Contrasting it with Protestantism, which is “often been associated with the rise of Anglo-Saxon capitalism”, the weekly says “Gujarati capitalism was much more a fusion of influences. Ethnic and religious diversity became a source of strength, multiplying the trading networks that each community could exploit.”
“Pragmatism and flexibility over identity, and a willingness to accommodate, perhaps inherited from the mahajans, are strong Gujarati traits”, "The Economist" argues quoting Edward Simpson of the School of Oriental and African Studies at the University of London.
“Ethical business practices based on fair trade and honest dealings gave Gujarati traders a reputation of being trustworthy,” The Economist quotes Achyut Yagnik and Suchitra Sheth, two Gujarat-based historians, adding, “When the Portuguese, Dutch and then the British started arriving in India from the 16th century they used Gujaratis as their principal trading partners.”
“The headquarters of the British East India Company was originally at Surat.
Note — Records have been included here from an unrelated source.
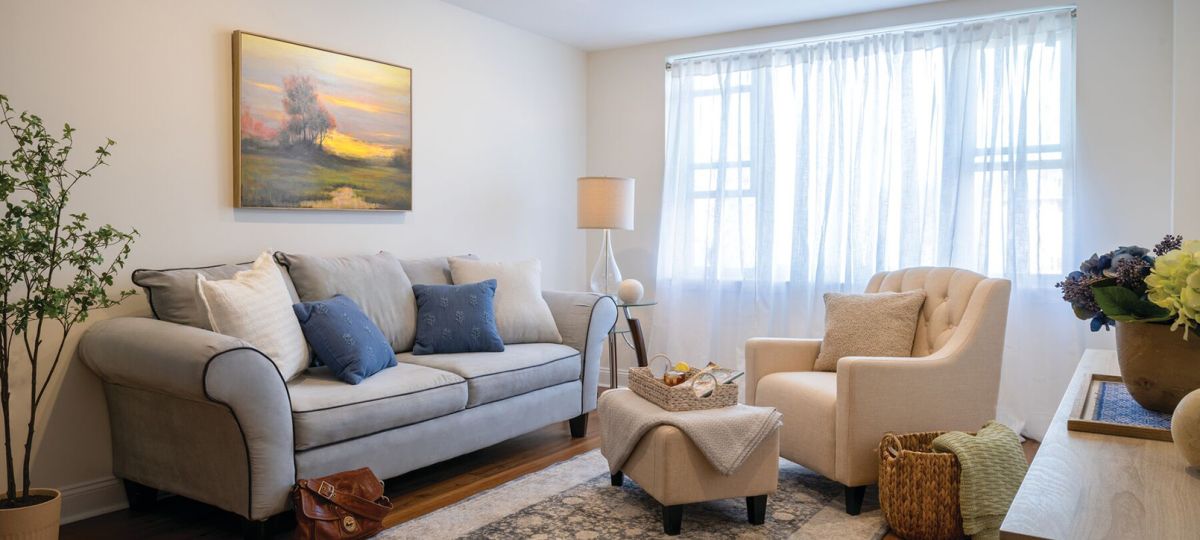 Comfortable and well-furnished living room in an Erickson Senior Living community apartment.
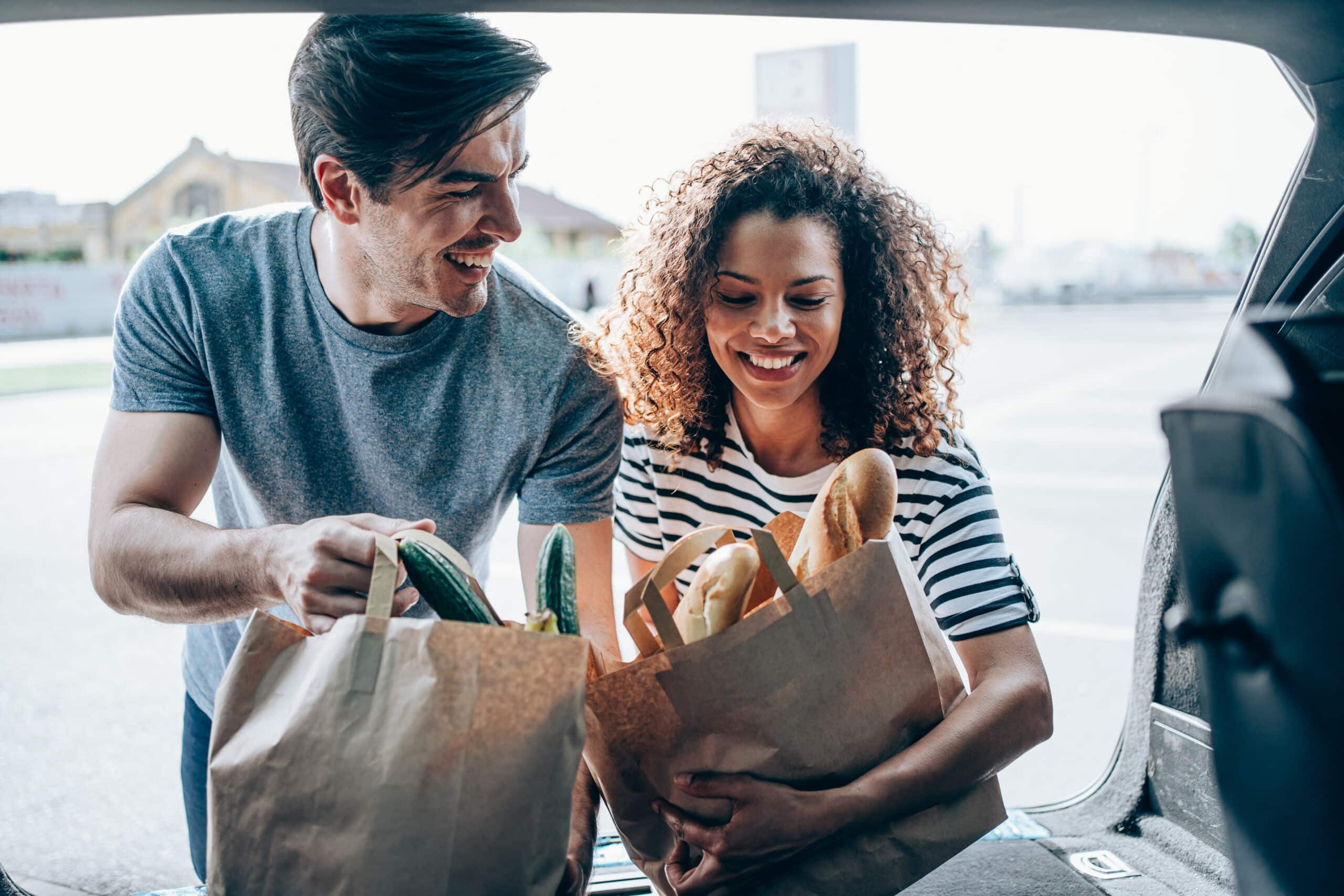 Shot Of An Adorable Smiling Multi-Ethnic Young Couple Loading Paper Shopping Bags In Their Car Trunk.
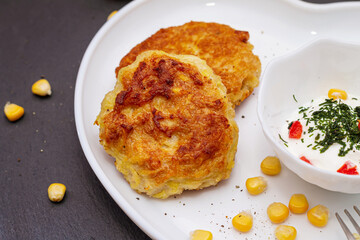 Delicious catlets on a plate with sauce of sour cream and greens close-up.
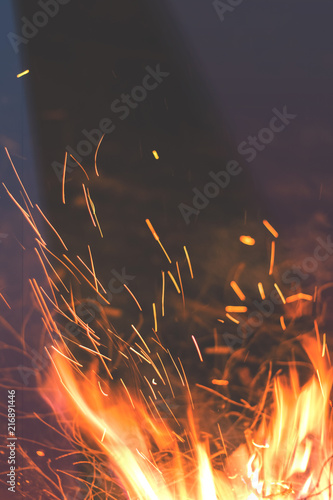 Night bonfire with sparks in motion blur. Toned photo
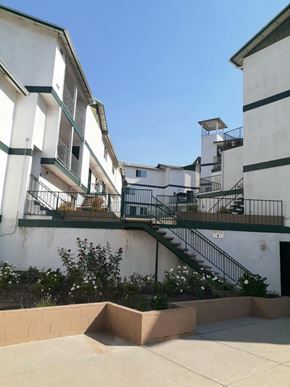 Los Angeles apartment for rent - an apartment building with stairs and balconies and a blue sky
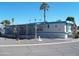 Mobile home with covered porch and desert landscaping at 201 S Greenfield Rd # 197, Mesa, AZ 85206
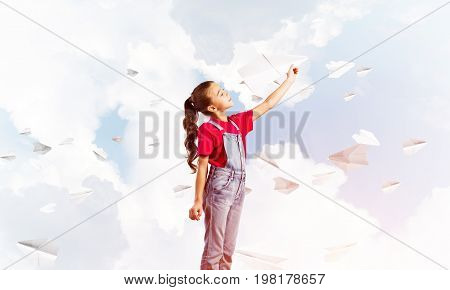 Little cute girl against sky background playing with paper airplane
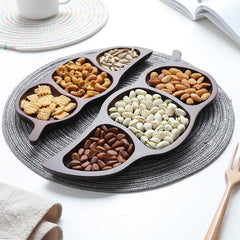 Wooden leaf snack trays filled with dry fruits arranged in circle on grey placemat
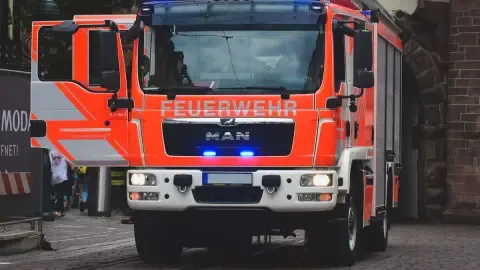 Helles rotes Feuerwehrfahrzeug mit blauen Lichtern auf einer Stadtstraße bei Tageslicht.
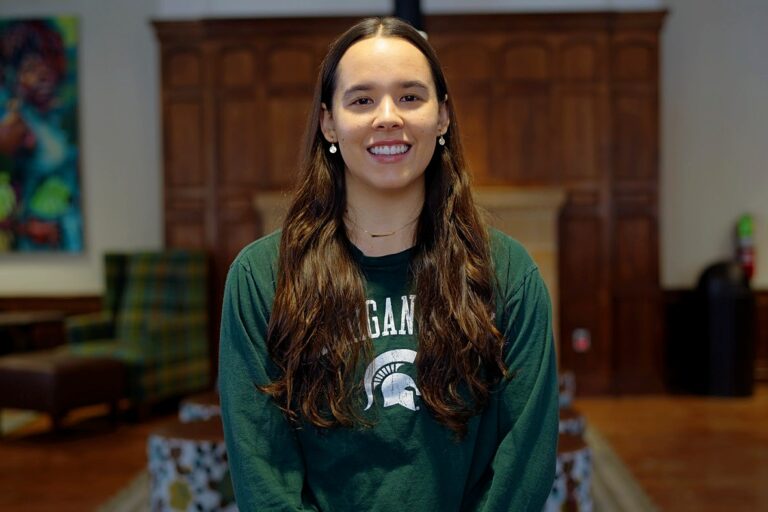Woman with long brown hair who is smiling and wearing a green Michigan State long-slevee T-shirt.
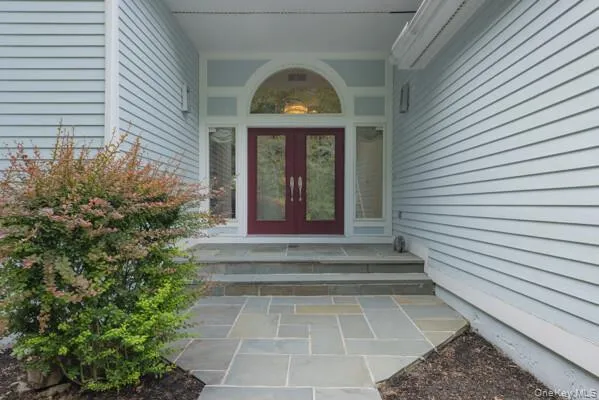 Exterior facade featuring light blue horizontal siding, a flagstone walkway, and flagstone steps leading to a dual red entry door with sidelights and an arched transom window Exterior facade featuring light blue horizontal siding, a flagstone walkway, and flagstone steps leading to a dual red entry door with sidelights and an arched transom window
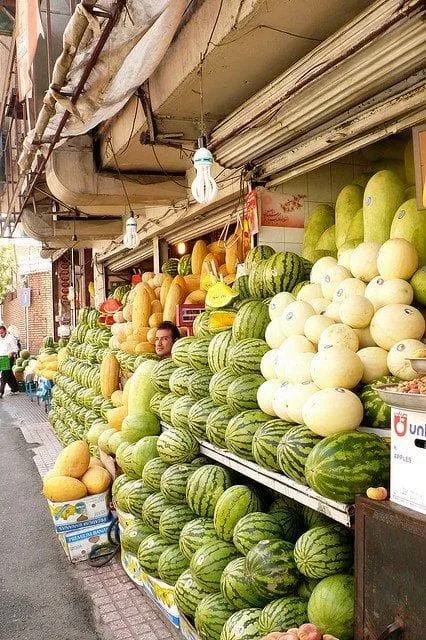 Watermelons and pale melons stacked along a market shopfront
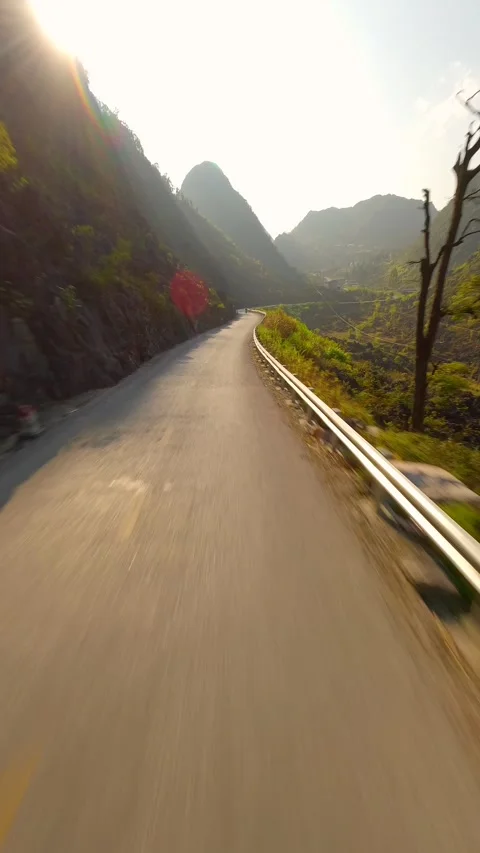 Dynamic FPV Flight Over Scenic Mountain Road on the Ha Giang Loop North Vietnam Stock Footage 283885145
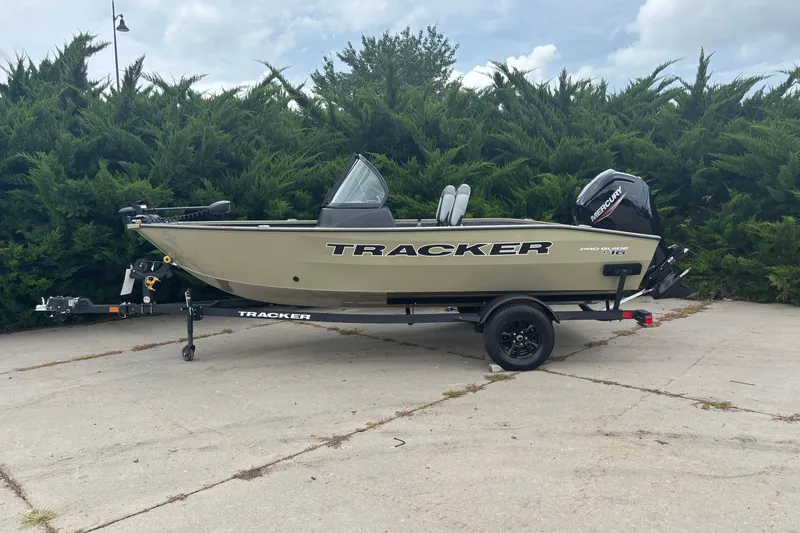 The Image of 2027 Tracker Super Guide V-16 SC boat on trailer, parked outdoors. - 0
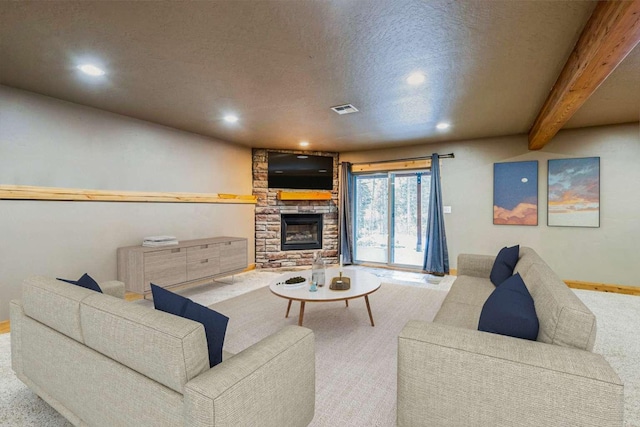 living room featuring a textured ceiling, a stone fireplace, and light carpet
It was the Gujaratis’ relationships with the East India Company, and later the British crown, that were the biggest influences in shaping their contemporary trading empire”, it says.
Calling this as the “secret” behind Gujaratis becoming as one of the world’s most successful businesspeople across the world, the 3,000 word feature, published in “The Economist’s” December 19 edition, suggests, this nature alone is responsible for Gujaratis having spread out across all the countries of world, except for “very small, undeveloped or are merely small islands without much business opportunity”.
In the US, the journal says, 1960s onwards, “Gujaratis now run about a third of all its hotels and motels”, which was achieved “mostly by just one group, essentially an extended family, the Patels, who hail originally from a string of villages between the industrial cities of Baroda (or Vadodara) and Surat.”
“They have the added knack of turning a degree into a business opportunity. They own almost half (12,000) of America’s independent pharmacies (as well as one of the biggest chains in Britain, Day Lewis). There are thousands of Gujarati doctors in America, and they are quicker than most to start up their own practices”, the daily says.
“Around the globe, they have come to wield huge influence in the diamond business. An impressive 90% of the world’s rough diamonds are cut and polished in the Gujarati city of Surat, a business worth about $13 billion a year, and Indians, predominantly Gujaratis, control almost three-quarters of Antwerp’s diamond industry”, the weekly says.
“Unsurprisingly, given their success abroad, they have been at the forefront of India’s own recent economic surge, too. The three wealthiest Indian businesspeople—Mukesh Ambani, Dilip Shanghvi and Azim Premji—are Gujarati”, the weekly says.